-- Data shown follows --

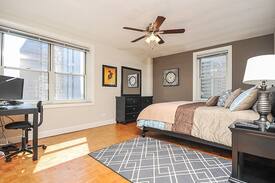 Downtown Atlanta Apartment | Peachtree Towers 17th floor condo-heart of Atlanta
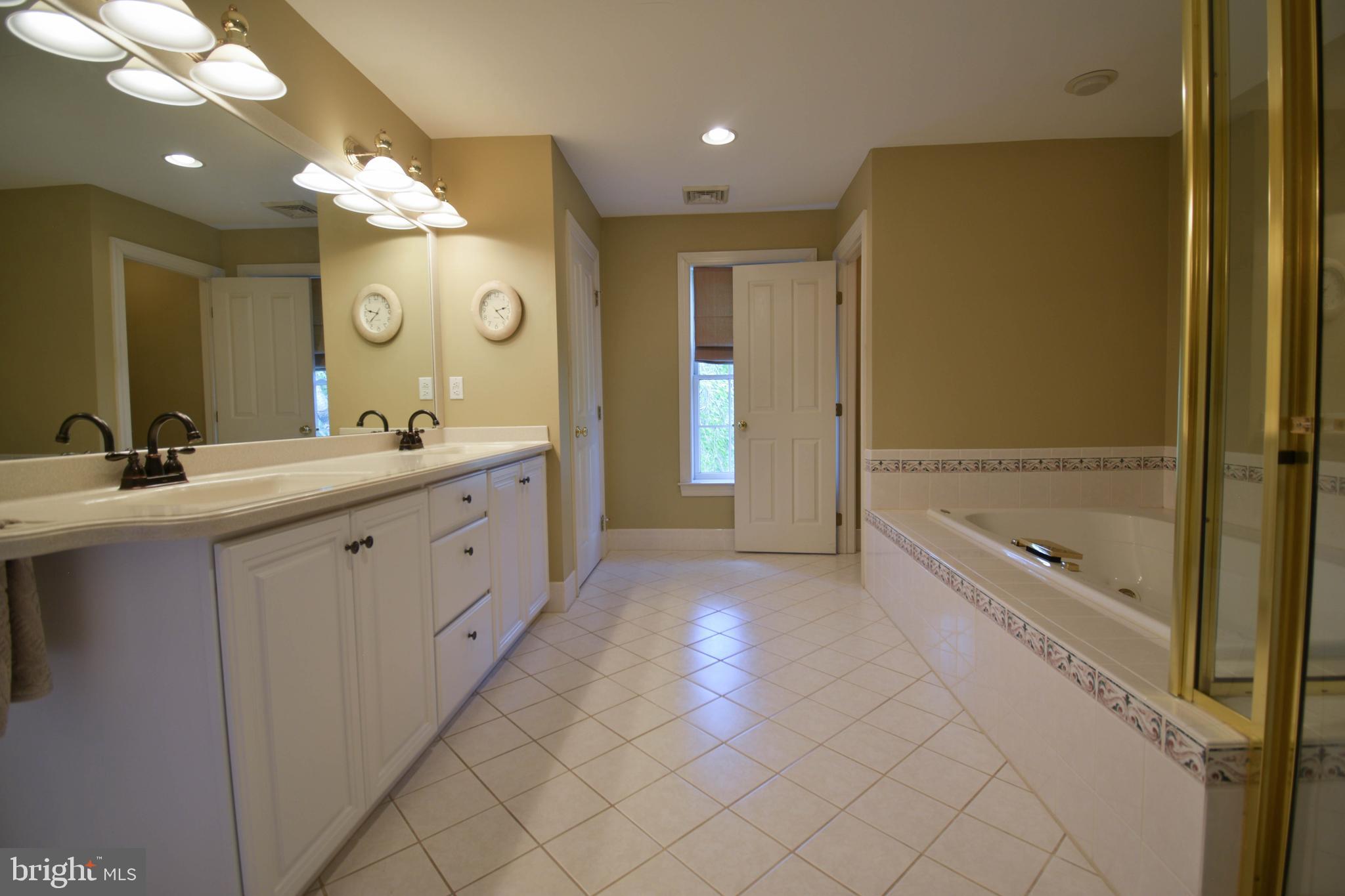 MEETINGHOUSE - Residential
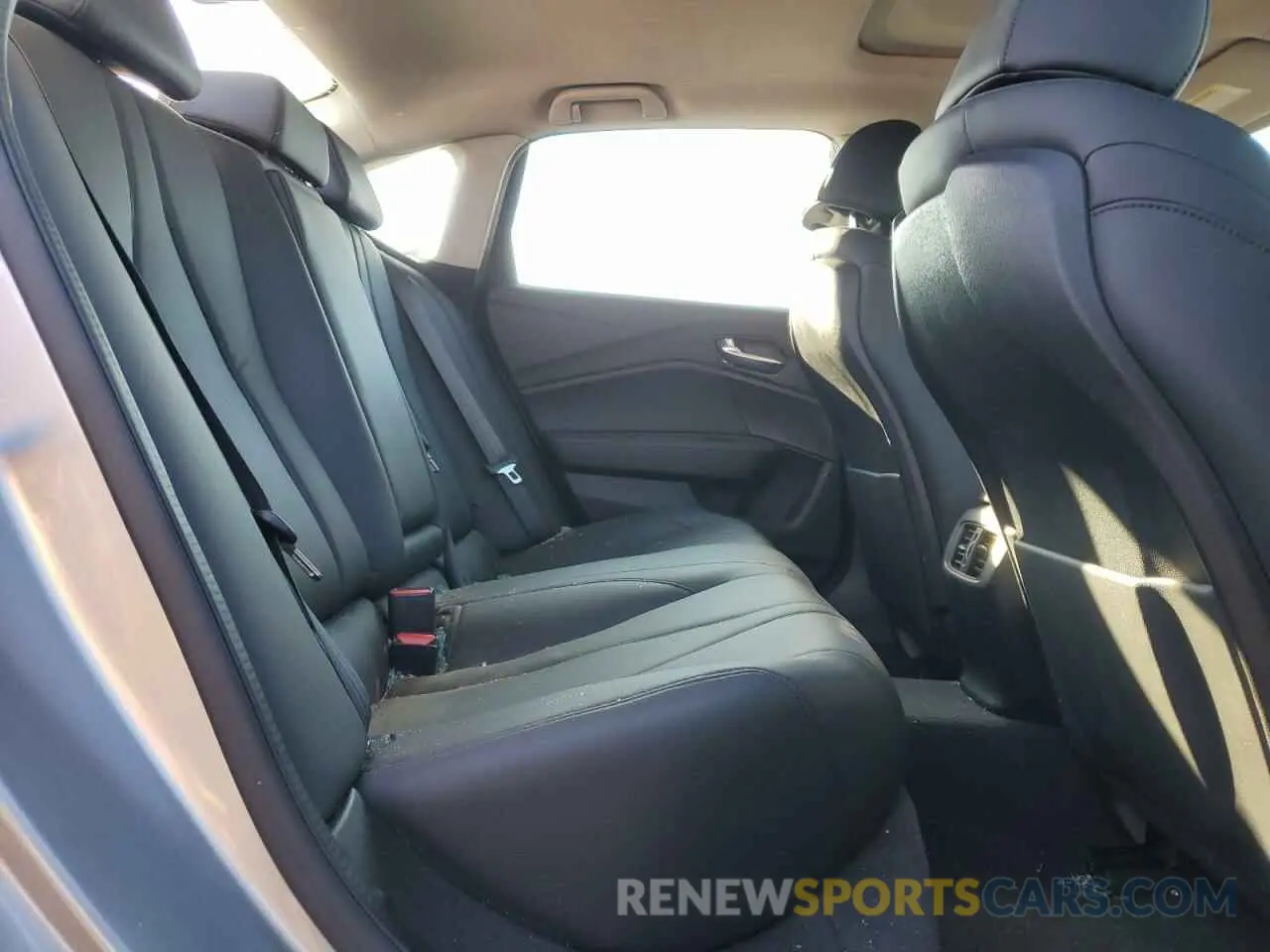 10 Фотография поврежденного автомобиля 19UUB5F31MA011939 ACURA TLX 2021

-- Data shown concluded --

*What needs to be done*. From the line containing "MEETINGHOUSE - Residential" down to the final line of the material above, reproduce each line exactly and include no images.

*Written solution*.
 MEETINGHOUSE - Residential
 10 Фотография поврежденного автомобиля 19UUB5F31MA011939 ACURA TLX 2021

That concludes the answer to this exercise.